Qu’on essaye de s’en prendre au ministre de la Justice est un symbole fort. Le signal d’un État qui est en train de combattre un ennemi qui ne recule devant rien, et qui n’exclut pas de faire plier l’État belge. Cet ennemi, on le connaît, c’est le trafic de drogue. Un trafic omniprésent à Anvers qui est l’une des portes d’entrée de la cocaïne en Europe. Mais qu’on retrouve dans toute la Belgique avec des laboratoires clandestins et des réseaux de revente puissants et bien organisés.

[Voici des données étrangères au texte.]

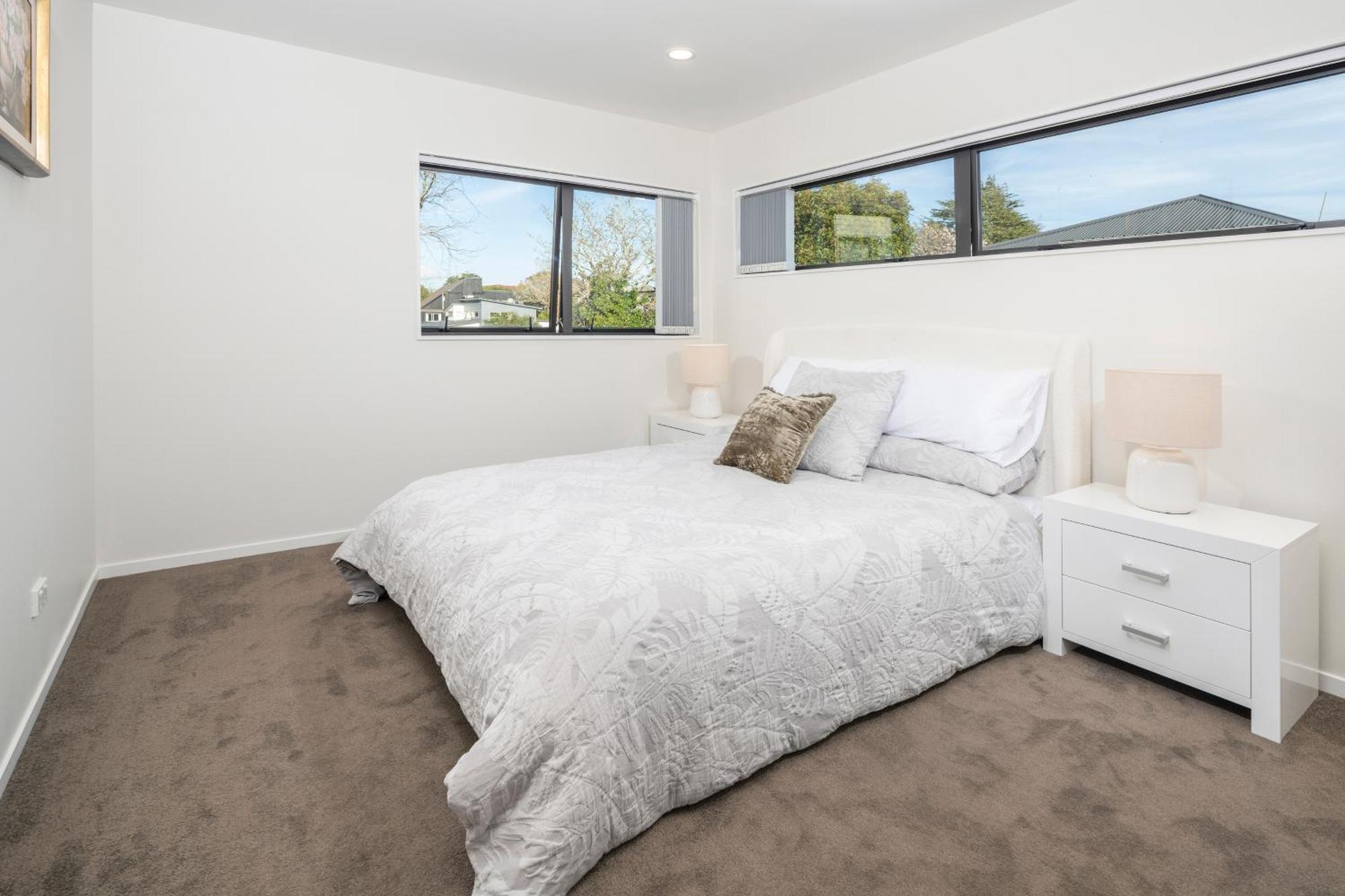 Modern Immaculate Residence In Mount Wellington 오클랜드 외부 사진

Les policiers et les magistrats le savent bien : la drogue génère un chiffre d’affaires colossal. Une économie parallèle qui propose des activités délictueuses, mais plus lucratives que les vrais emplois. S’attaquer à cette pieuvre qui va du petit dealer jusqu’au chef de gang plus puissant qu’un homme d’affaires est une question de survie. Si on n’arrête pas la machine infernale maintenant, c’est non seulement l’État, mais aussi notre vie en société qui sera en péril. Derrière Vincent Van Quickenborne c’est bien la Belgique dans son ensemble et en particulier sa police et sa justice qu’on essaye de déstabiliser.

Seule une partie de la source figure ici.